With the Butler Bulldogs making their second consecutive appearance in the national championship game, it’s time to acknowledge that there are some cracks in the NCAA’s foundation.
Believe me, I don’t want to downplay Butler’s success as a team — the accomplishments speak for themselves — but it’s clear the NCAA has a problem on its hands if Butler can beat out all the super programs two years in a row.
Last year, Butler lost to the Duke Blue Devils, a team that consistently finds a way to keep its guys in school. But other top-tier college basketball programs suffer the same fate every year, boasting the top blue-chip players only to rent their services for a very limited amount of time as they make the jump to the NBA as quickly as possible.
This has given teams like Duke the ability to always be dominant because they are a legitimate blue-blood powerhouse program and the players understand what’s expected of them when they attend that college.
It’s also how Butler, a 5th seed from last year and an 8th seed this year, has the ability to make two back-to-back appearances in the championship game.

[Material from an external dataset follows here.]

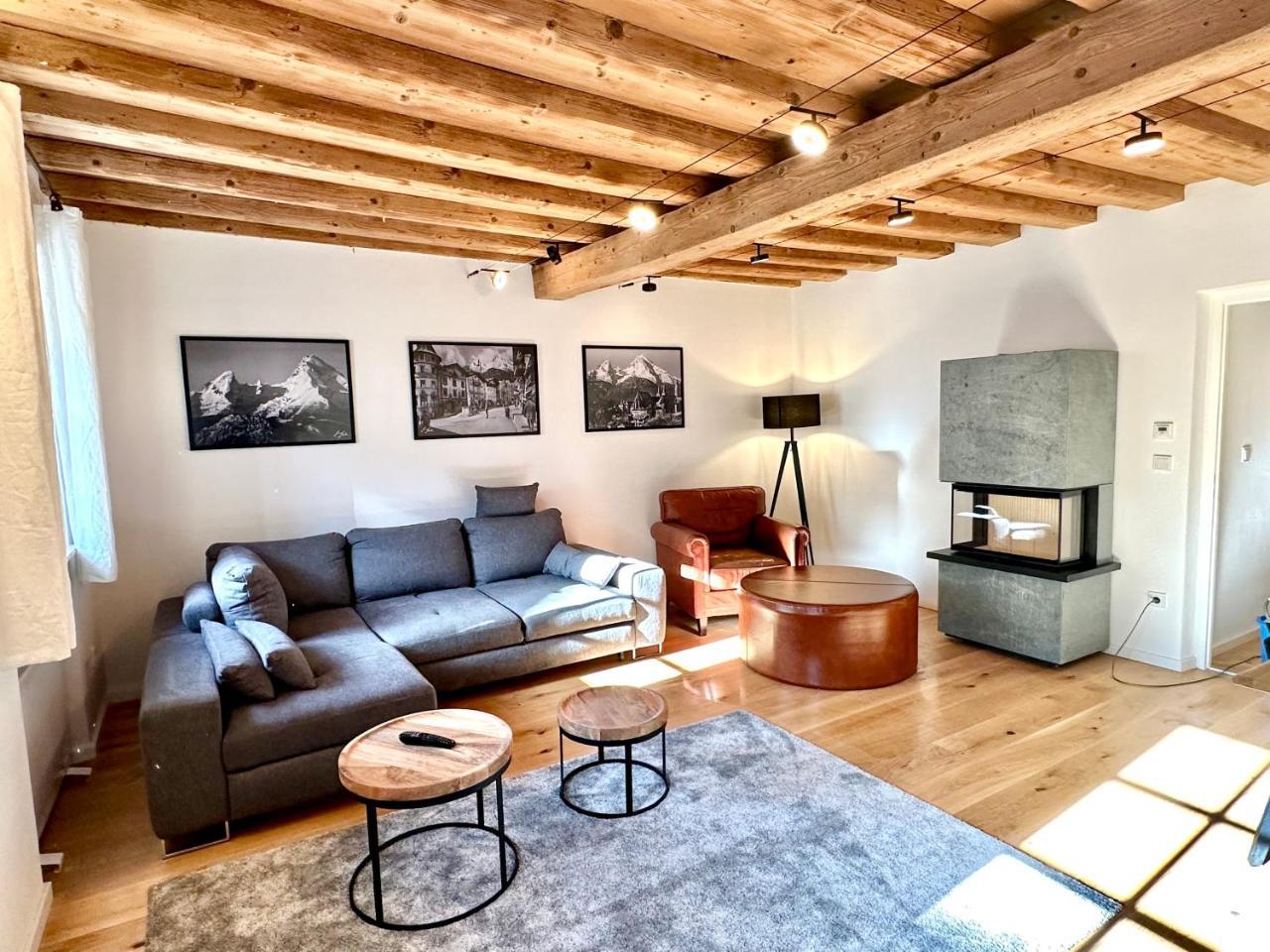 Ferienwohnung Nonntalstubn — 4-Star Luxury Hotel in Berchtesgaden, Germany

When hundred-million dollar contracts await these young kids in the pros, neither an NCAA championship nor an education is enough incentive to stay in school.
It’s evident that the NCAA is taking advantage of the talents of these super athletes until they make the jump, cashing in on the celebrity of guys we know will have NBA careers. Problem is, the product as a whole is showing more and more flaws each year.
It’s not the most talented teams that are dangerous, it’s the teams with juniors and seniors who have formed continuity and familiarity with one another. The days of mega star players growing together, like the UNLV team that boasted senior leadership from Greg Anthony, Stacey Augmon and Larry Johnson, or the Syracuse team with Billy Owens, Derrick Coleman, Sherman Douglas and Rony Seikaly would seem to be a distant memory.
It’s for this reason that I believe Butler will win tonight, proving the theory that good coaching and older and more mature teams are taking over.